── DATA SUPPLIED ──
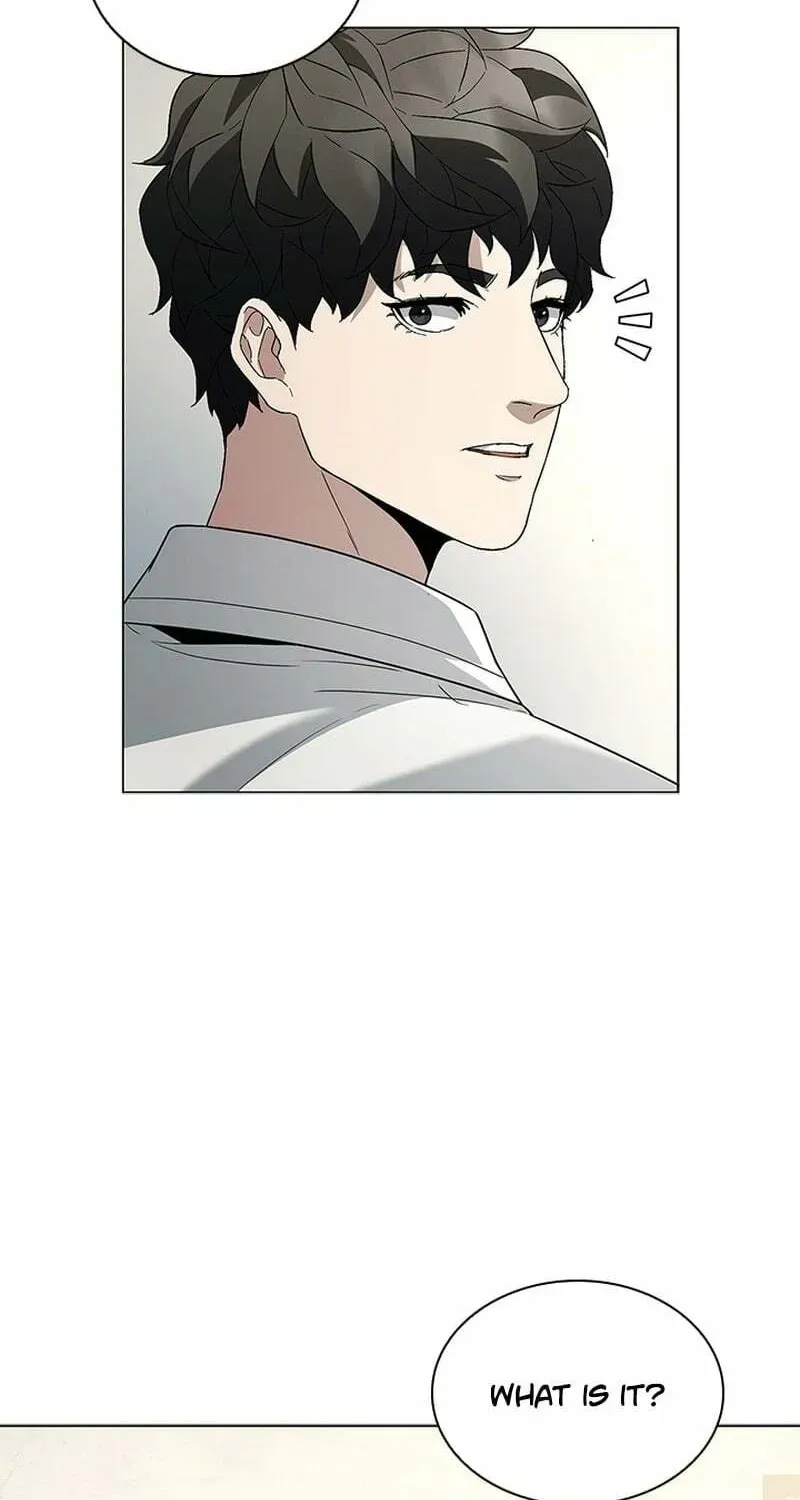 Dr. Choi Tae-Soo — Chapter 281 — page 93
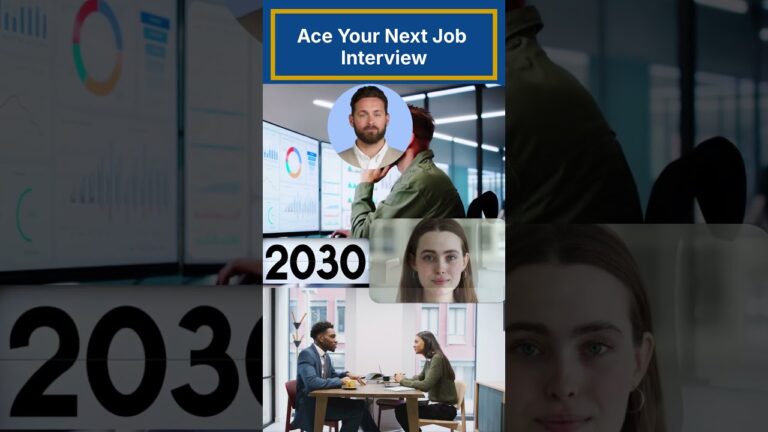 Master Your IT Career with IT Tutor PRO #crypto #uidesignlearning #cisconetworking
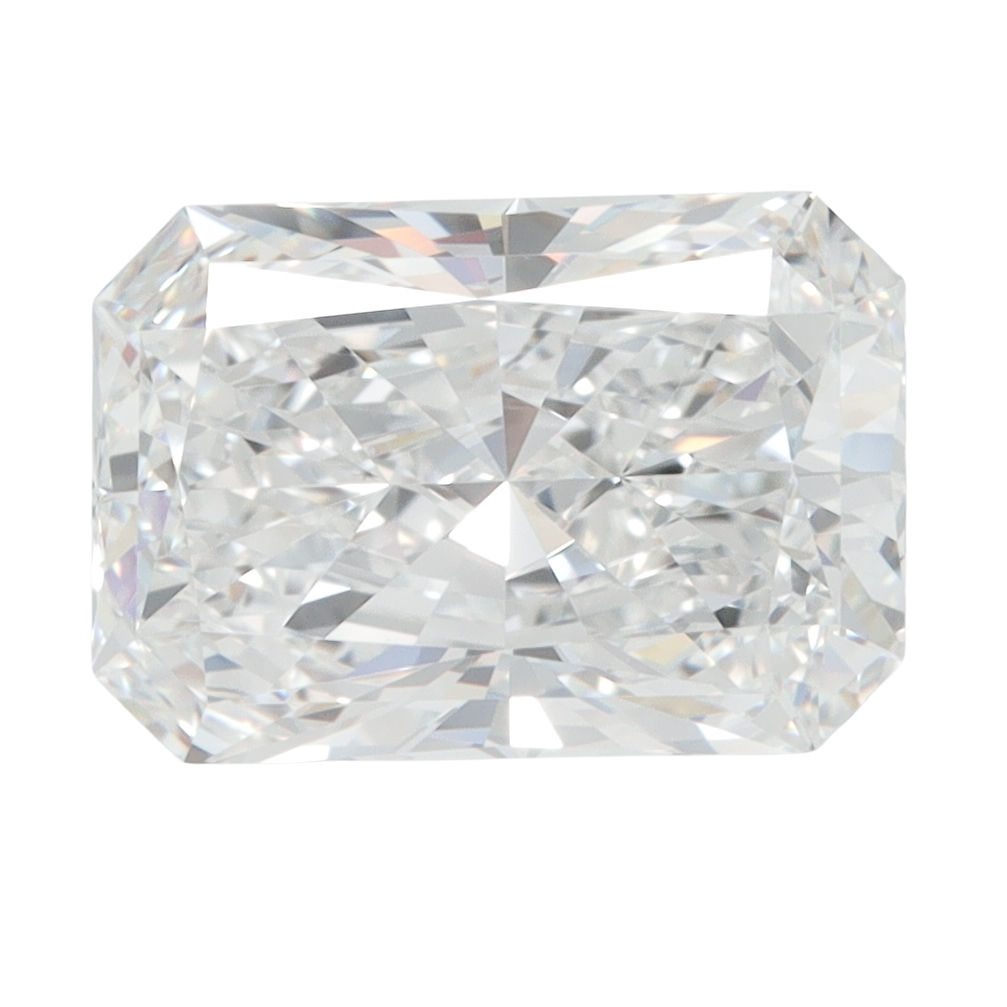 rweu_lab_loosediamond_radiant_02-10_if_d_87a1257ea328
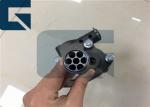 Oil Injection Transfer Pump 6BD1 1-13100199-0 1131001990 113100-1990 For Heli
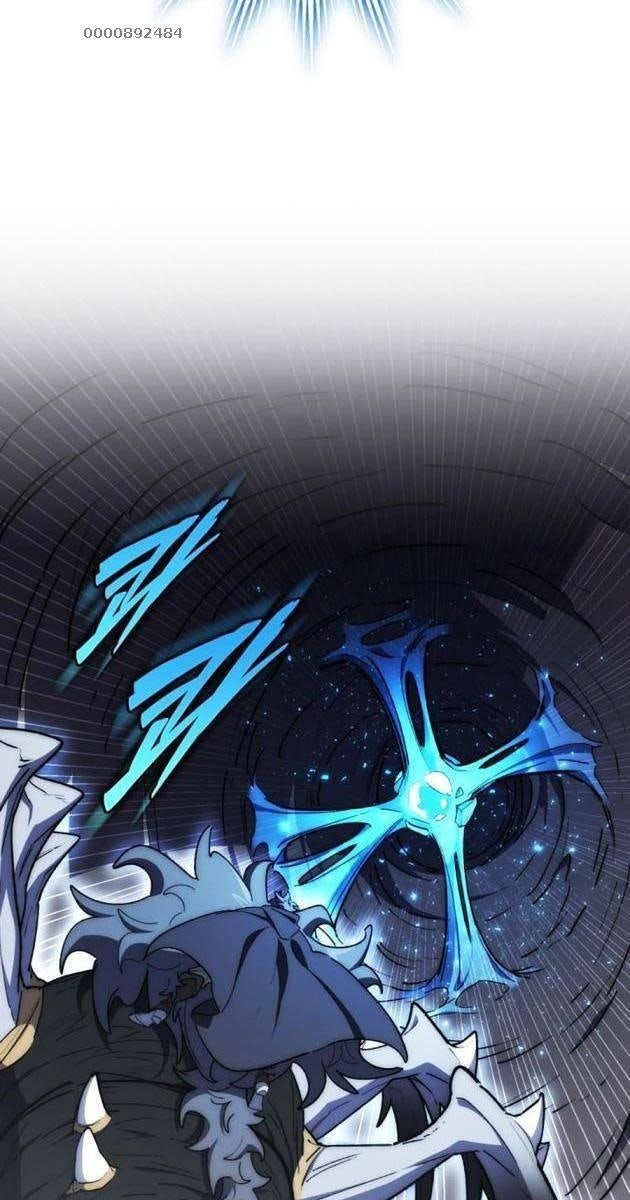 Hầm Ngục Mạnh Nhất - Page 8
───
▸ **YOUR GOAL**
When you transcribe the entries above, keep every word exact and leave out the pictures.

▸ **RESPONSE TO THIS EXERCISE**
 Dr. Choi Tae-Soo — Chapter 281 — page 93
 Master Your IT Career with IT Tutor PRO #crypto #uidesignlearning #cisconetworking
 rweu_lab_loosediamond_radiant_02-10_if_d_87a1257ea328
 Oil Injection Transfer Pump 6BD1 1-13100199-0 1131001990 113100-1990 For Heli
 Hầm Ngục Mạnh Nhất - Page 8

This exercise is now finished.